Intervista a Lino Musella

Lino Musella affronta per la seconda volta a teatro i personaggi misogini, psicopatici, perversi o laidi con cui David Foster Wallace affollò nel 1999 Brevi interviste con uomini schifosi.
Il primo suo impatto avvenne nel 2008 e durante le repliche l’autore morì tragicamente in California. Ora dall’1 febbraio al San Ferdinando di Napoli, e poi in tournée, Musella lavorerà in scena con Paolo Mazzarelli in un nuovo mix di otto dei ventitré racconti originari su selezione e regia di Daniel Veronese (conosciuto da noi per i suoi Cechov), che già in Argentina ne ha ricavato sproloqui per due attori maschi.
Musella, come andò e come va, col Foster Wallace ora prodotto da Carnezzeria, Teatro di Napoli, Marche Teatro, Tpe, Triennale Milano, con Timbre 4 e Teatro di Roma?

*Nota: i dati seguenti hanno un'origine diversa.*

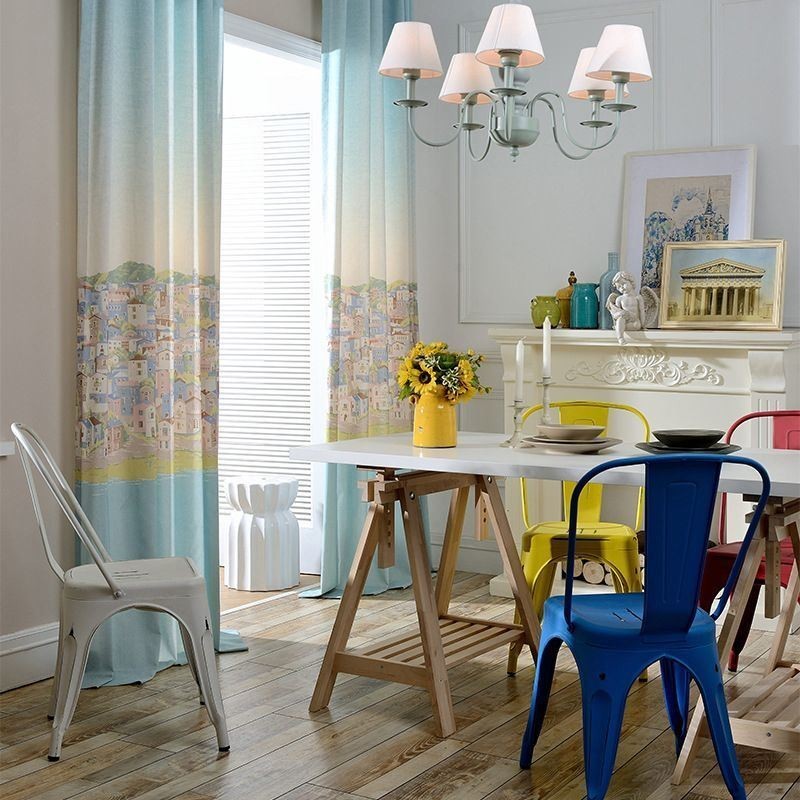 Nordic Gordijn Op Maat Gordijn Katoen Stad Bedrukt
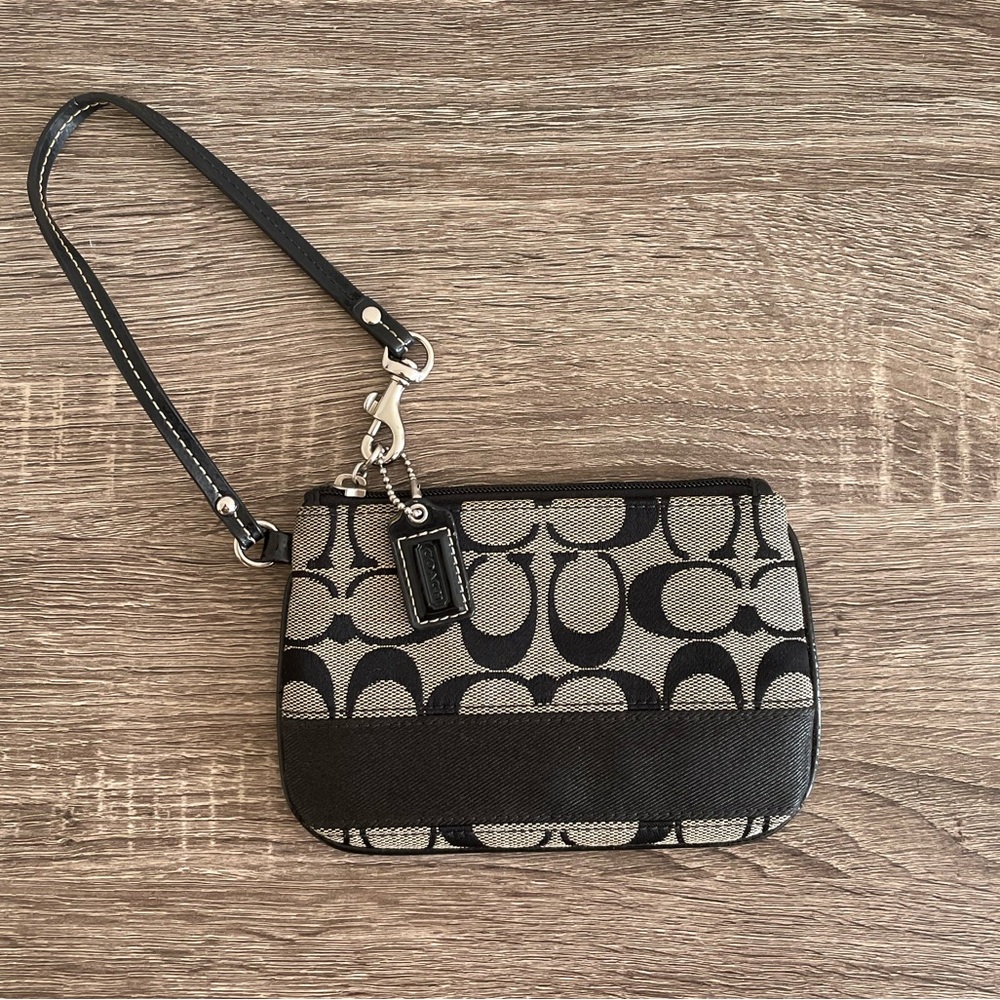Coach Signature Canvas Wristlet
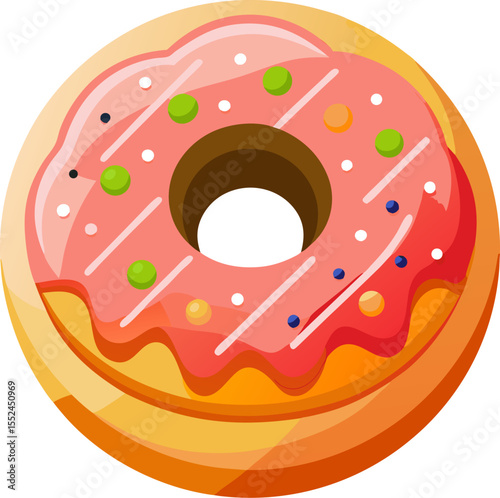 Bold flat illustration of a sushi donut (circular sushi) with colourful toppings with white background.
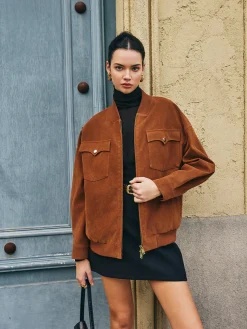 COMMENSE Flap-Pockets Zipper Suede Jacket* Outerwear|Jackets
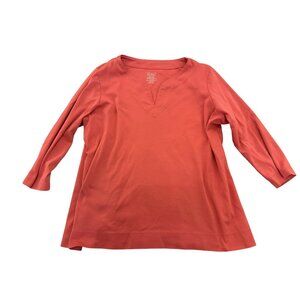 L.L.Bean Womens Coral Tunic Top XL 3/4 Sleeve Supima Cotton V-Neck Basic Solid
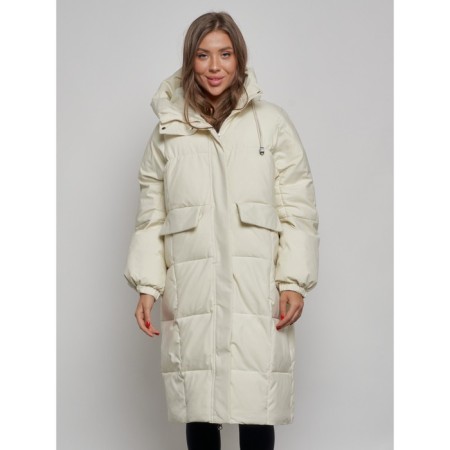 Coat insulated winter female, size 50, beige color-7
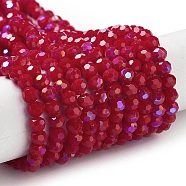 Opaque Glass Beads Strands, Faceted, Round, Crimson, 4mm, Hole: 0.8mm, about 93~95pcs/strand, 14.37~14.49''(36.5~36.8cm)(EGLA-A035-P4mm-L16)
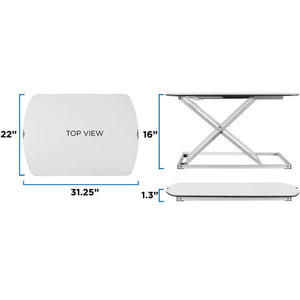 Mount-It 31" Wide Height Adjustable Standing Desk Converter- White-Standing Desk Converters-Mount-It-White-Ergo Standing Desks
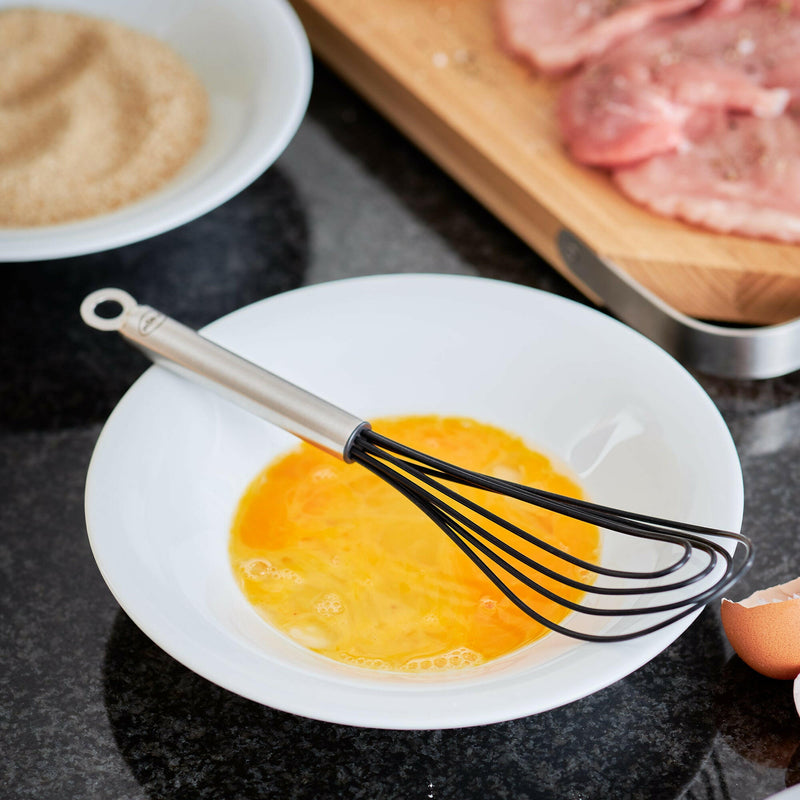 Rösle Flat Whisks - Silicone, ideal for stirring small quantities, features a durable stainless steel and silicone design. Heat resistant and dishwasher safe, perfect for any kitchen.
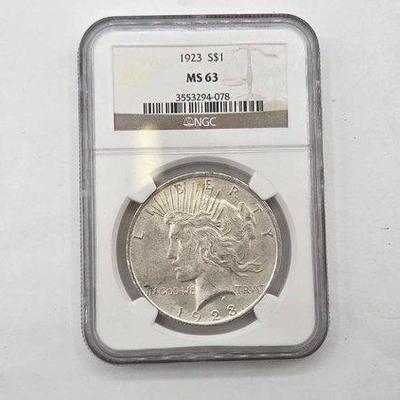 190 • 1923 silver eagle $1 coin
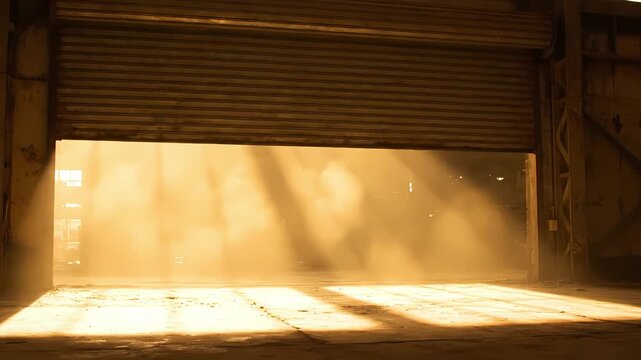 Industrial roller shutter door opening slowly in dark warehouse revealing bright sunbeams through dusty air for opportunity concept and cinematic light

«Allora ci attenemmo ai monologhi di Brevi interviste con uomini schifosi pubblicati da Einaudi, versione di Tommaso Pitta. Oggi l’iniziativa per noi fa leva su Aldo Miguel Grompone e Gaia Silvestrini, anche traduttori dei testi, e si deve a loro l’idea di Veronese di affidarsi a me e a Paolo protagonisti in Italia».
Come vi distribuirete le figure di squallidi manipolatori e donne manipolate?

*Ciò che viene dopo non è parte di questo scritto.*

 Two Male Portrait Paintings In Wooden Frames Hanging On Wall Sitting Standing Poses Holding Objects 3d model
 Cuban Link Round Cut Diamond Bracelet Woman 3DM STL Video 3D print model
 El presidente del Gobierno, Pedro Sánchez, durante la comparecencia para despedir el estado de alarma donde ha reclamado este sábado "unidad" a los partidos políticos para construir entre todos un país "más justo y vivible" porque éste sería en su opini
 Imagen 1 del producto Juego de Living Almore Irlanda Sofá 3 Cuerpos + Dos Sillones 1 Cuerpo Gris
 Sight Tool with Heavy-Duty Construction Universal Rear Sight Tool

«Il regista vuole che ci alterniamo alla pari e di continuo in sembianze offensive e difensive, maschili e femminili. Mostrandoci in abiti neutri, t-shirt, jeans e a piedi scalzi. Il lavoro crea un dispositivo, mette in circolo domande che il pubblico deve completare, su un tema».
Quale tema?
«Ho pensato al sessismo, ma credo non sia solo quello. Ci sono questioni di genere, dinamiche di relazione, rapporti cannibali, senza soltanto la fenomenologia del maschio str...o.
Atteggiamenti espressi in modo sottile, all’insegna di nevrosi. Io Foster Wallace l’ho divorato, racconta il contemporaneo. Niente adattamento: è un simposio a teatro».
Vi scambiate il maschile e il femminile, con prevedibilità di carnefice e vittima?
«Al di là della violenza opaca delle parole, le contrapposizioni non determinano uguali prevalenze e sudditanze. L’ultima carta è giocata dallo spettatore. Vai a sapere qual è la scivolosità femminile di toni o posture, o la leadership “schifosa” maschile... potremmo discuterne con la platea».
Conta molto in questo faccia a faccia da cui nel 2009 John Krasinski ha tratto un film, che abbiate alle spalle un lungo rodaggio di compagnia?
«È determinante — dice Mazzarelli — le basi risalgono al 1999/2000 alla Paolo Grassi di Milano. Poi un Giulio Cesare, sei nostri spettacoli, e Amleto, Morte di Danton... ».
Musella, che monologhi di Foster Wallace la faranno passare per campione di squallore?
«Ne L’esca uso la menomazione fisica per sedurre. Ne La partita invento una montagna di frescacce pur di andarmene, come Gassman che dà patacche alle femmine ne I mostri.
Nel brano Radicale adotto discorsi di stupri, faccio la donna, ma sono un uomo orribile. In Donna e uomo, il copione in apparenza più dialogato, tiro le fila del dispositivo, come a scambiarsi opinioni su un film appena visto, ma do pareri saccenti e generici da far paura».
Mazzarelli, a lei che tipi di maschi ributtanti toccano in sorte?
« Paternale è un pezzo più di Veronese che di Foster Wallace, ed è anche un quartiere di Buenos Aires, con un uomo che opprime la giovane figlia della donna con cui è stato.
Nell’incontro di Galline uso la teoria dell’apicoltore che distingue maschi e femmine, per capire la donna giusta. L’amante perfetto è un logorroico superficiale che vanta record in arte amatoria. Lei deve chiudere il negozio parte da un idillio ma poi taglia corto, filandosela».